Below are the entries; give again exactly the lines from the one mentioning "Cell Phone Telepathy Crocodile Dundee 3" through the one mentioning "renault-clio-break-2014-diesel-1461cc", inclusive.

━━ LISTED RECORDS

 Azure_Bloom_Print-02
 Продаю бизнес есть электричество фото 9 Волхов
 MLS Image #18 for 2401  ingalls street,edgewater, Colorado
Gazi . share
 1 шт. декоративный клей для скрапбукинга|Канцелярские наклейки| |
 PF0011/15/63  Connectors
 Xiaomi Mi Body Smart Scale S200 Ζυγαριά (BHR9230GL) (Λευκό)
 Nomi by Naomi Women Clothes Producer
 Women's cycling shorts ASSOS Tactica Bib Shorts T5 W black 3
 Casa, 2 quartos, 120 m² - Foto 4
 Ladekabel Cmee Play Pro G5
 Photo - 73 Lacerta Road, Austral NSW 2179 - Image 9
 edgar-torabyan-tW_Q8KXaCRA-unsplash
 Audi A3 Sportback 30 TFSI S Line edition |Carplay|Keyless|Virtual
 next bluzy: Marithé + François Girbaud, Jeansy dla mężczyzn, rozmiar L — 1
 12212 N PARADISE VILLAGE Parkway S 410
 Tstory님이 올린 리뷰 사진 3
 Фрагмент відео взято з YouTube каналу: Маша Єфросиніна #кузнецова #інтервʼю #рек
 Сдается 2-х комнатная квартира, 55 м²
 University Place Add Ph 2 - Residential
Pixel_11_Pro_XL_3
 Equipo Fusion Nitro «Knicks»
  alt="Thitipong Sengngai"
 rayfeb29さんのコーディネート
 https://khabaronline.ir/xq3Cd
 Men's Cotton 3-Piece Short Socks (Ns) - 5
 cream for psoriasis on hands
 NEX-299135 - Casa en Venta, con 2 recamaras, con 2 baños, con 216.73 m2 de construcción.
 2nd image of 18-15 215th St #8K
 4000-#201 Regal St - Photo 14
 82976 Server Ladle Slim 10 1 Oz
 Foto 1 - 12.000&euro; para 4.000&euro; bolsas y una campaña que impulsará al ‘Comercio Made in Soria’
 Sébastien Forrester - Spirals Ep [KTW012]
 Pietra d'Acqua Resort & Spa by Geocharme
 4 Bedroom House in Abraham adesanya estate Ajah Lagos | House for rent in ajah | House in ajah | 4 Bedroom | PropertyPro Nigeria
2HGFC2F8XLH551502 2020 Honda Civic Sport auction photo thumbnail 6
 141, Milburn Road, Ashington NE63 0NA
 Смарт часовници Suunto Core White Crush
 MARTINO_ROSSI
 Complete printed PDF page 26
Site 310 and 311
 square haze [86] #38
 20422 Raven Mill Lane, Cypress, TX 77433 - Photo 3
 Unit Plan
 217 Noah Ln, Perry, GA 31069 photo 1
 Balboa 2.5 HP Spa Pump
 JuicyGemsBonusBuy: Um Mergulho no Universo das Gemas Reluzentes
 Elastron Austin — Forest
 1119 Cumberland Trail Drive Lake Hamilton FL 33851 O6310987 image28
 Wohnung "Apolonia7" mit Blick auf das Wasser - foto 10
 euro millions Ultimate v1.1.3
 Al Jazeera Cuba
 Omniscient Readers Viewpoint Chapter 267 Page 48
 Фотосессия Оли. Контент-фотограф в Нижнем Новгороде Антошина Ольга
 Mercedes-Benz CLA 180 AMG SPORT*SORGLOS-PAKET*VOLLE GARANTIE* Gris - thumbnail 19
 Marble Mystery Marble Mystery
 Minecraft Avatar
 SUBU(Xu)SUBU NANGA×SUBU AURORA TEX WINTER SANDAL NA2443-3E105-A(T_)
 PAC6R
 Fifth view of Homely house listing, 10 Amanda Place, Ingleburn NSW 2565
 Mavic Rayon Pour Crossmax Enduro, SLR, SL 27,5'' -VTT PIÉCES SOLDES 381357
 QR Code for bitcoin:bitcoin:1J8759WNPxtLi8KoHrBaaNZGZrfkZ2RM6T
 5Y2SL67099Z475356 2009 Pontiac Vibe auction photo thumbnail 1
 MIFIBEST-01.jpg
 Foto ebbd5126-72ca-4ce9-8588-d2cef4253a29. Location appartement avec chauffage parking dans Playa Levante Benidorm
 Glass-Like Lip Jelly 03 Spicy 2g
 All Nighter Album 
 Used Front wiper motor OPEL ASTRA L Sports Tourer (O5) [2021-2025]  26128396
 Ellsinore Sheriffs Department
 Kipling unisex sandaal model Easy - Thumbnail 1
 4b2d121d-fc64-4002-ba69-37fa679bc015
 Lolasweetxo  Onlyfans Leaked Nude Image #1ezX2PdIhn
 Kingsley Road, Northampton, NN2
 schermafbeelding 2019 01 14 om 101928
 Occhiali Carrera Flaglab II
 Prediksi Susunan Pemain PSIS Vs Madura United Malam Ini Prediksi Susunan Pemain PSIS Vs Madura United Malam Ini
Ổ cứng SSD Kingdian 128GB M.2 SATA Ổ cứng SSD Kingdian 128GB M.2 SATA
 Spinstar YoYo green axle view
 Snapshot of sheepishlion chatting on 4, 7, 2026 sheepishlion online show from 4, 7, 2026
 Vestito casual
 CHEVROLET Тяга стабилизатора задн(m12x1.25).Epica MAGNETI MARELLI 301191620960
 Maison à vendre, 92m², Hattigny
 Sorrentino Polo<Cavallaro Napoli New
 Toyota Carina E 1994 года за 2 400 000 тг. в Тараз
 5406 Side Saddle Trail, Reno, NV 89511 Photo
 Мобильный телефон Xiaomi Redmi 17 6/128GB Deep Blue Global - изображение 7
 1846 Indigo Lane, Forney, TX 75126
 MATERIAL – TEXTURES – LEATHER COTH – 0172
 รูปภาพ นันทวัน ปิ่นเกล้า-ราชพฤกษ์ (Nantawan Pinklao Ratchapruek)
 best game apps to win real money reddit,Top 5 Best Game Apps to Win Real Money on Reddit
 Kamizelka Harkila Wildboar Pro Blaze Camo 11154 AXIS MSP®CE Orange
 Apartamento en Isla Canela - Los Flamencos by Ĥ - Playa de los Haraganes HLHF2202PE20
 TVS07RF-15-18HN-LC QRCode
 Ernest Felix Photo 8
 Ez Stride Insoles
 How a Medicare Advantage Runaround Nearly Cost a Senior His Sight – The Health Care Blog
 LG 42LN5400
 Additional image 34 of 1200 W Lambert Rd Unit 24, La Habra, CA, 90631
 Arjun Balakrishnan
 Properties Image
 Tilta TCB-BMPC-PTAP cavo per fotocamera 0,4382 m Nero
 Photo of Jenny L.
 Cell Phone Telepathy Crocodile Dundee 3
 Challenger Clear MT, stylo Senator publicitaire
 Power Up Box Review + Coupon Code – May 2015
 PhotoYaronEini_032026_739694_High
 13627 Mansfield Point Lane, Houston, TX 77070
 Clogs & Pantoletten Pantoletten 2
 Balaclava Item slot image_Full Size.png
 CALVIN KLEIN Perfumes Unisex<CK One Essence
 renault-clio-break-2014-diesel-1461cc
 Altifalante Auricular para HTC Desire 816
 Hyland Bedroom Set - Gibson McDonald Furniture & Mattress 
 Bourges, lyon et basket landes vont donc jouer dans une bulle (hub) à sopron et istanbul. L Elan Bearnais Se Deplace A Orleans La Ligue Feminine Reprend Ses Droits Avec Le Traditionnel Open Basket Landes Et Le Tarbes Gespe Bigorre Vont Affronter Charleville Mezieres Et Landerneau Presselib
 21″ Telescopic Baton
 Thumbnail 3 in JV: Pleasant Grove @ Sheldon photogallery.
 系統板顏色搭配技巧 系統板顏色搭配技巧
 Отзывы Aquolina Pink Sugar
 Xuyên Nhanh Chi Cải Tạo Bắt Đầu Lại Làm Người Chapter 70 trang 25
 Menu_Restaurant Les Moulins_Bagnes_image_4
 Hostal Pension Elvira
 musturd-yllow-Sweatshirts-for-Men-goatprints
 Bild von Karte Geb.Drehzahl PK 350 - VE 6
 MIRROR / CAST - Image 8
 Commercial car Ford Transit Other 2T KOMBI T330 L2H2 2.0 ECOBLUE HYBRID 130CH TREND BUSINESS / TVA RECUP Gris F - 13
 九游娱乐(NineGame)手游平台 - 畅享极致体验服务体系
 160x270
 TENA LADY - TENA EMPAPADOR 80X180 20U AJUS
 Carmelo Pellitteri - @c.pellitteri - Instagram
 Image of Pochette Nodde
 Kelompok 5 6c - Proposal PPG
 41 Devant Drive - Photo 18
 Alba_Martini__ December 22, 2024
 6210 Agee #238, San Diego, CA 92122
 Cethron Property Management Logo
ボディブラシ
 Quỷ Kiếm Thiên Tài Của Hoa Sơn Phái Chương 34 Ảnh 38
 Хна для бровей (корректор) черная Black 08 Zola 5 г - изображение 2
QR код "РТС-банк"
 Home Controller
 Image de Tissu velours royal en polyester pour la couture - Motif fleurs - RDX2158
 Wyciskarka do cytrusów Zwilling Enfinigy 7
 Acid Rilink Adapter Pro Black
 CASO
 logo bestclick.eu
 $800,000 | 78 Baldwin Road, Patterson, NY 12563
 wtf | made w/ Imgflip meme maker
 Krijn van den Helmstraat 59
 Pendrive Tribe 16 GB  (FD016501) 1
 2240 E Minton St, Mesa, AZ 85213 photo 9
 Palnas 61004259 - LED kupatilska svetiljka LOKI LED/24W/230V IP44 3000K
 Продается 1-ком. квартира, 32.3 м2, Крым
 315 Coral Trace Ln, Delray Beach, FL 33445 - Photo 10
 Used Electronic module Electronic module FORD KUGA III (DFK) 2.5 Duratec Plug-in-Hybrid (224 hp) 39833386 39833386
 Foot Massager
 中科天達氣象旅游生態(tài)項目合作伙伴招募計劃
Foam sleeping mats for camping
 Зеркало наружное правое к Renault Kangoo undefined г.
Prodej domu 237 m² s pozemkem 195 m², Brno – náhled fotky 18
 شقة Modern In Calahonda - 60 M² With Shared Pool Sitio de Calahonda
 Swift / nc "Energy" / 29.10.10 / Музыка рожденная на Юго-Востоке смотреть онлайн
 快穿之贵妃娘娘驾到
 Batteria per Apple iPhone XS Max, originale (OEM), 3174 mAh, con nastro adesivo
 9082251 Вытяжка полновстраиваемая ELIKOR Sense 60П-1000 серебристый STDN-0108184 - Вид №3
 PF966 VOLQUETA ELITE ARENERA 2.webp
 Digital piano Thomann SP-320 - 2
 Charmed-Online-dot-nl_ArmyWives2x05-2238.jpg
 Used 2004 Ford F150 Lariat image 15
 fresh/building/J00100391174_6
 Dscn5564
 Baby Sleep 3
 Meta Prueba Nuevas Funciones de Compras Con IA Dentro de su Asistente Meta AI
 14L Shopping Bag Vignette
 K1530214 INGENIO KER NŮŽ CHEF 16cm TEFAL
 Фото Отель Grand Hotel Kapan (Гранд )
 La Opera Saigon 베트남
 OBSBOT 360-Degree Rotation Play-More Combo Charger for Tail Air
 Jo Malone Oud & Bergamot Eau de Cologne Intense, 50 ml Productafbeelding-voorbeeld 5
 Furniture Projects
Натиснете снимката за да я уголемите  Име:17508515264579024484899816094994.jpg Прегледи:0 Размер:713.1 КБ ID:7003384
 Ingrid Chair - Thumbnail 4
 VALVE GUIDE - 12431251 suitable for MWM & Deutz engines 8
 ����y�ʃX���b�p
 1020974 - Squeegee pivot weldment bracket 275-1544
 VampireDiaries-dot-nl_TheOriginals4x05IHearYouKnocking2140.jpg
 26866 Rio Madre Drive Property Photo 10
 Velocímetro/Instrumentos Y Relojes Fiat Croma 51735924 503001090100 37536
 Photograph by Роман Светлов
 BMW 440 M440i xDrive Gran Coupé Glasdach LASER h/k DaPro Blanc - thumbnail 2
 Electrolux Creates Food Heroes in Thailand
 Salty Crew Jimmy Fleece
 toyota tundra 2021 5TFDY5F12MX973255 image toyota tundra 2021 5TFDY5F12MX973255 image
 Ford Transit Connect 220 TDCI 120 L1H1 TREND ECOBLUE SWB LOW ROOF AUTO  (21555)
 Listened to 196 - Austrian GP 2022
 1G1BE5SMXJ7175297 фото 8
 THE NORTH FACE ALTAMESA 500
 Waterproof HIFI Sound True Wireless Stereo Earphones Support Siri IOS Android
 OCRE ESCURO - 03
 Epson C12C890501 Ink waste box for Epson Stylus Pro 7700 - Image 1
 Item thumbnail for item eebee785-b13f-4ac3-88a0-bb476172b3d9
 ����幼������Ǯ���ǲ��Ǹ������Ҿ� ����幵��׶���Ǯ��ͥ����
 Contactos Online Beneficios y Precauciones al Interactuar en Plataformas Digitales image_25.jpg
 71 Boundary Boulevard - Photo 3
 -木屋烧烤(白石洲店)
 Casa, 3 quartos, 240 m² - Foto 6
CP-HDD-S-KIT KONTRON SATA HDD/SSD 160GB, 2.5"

━━━━

ANSWER AREA —
 Cell Phone Telepathy Crocodile Dundee 3
 Challenger Clear MT, stylo Senator publicitaire
 Power Up Box Review + Coupon Code – May 2015
 PhotoYaronEini_032026_739694_High
 13627 Mansfield Point Lane, Houston, TX 77070
 Clogs & Pantoletten Pantoletten 2
 Balaclava Item slot image_Full Size.png
 CALVIN KLEIN Perfumes Unisex<CK One Essence
 renault-clio-break-2014-diesel-1461cc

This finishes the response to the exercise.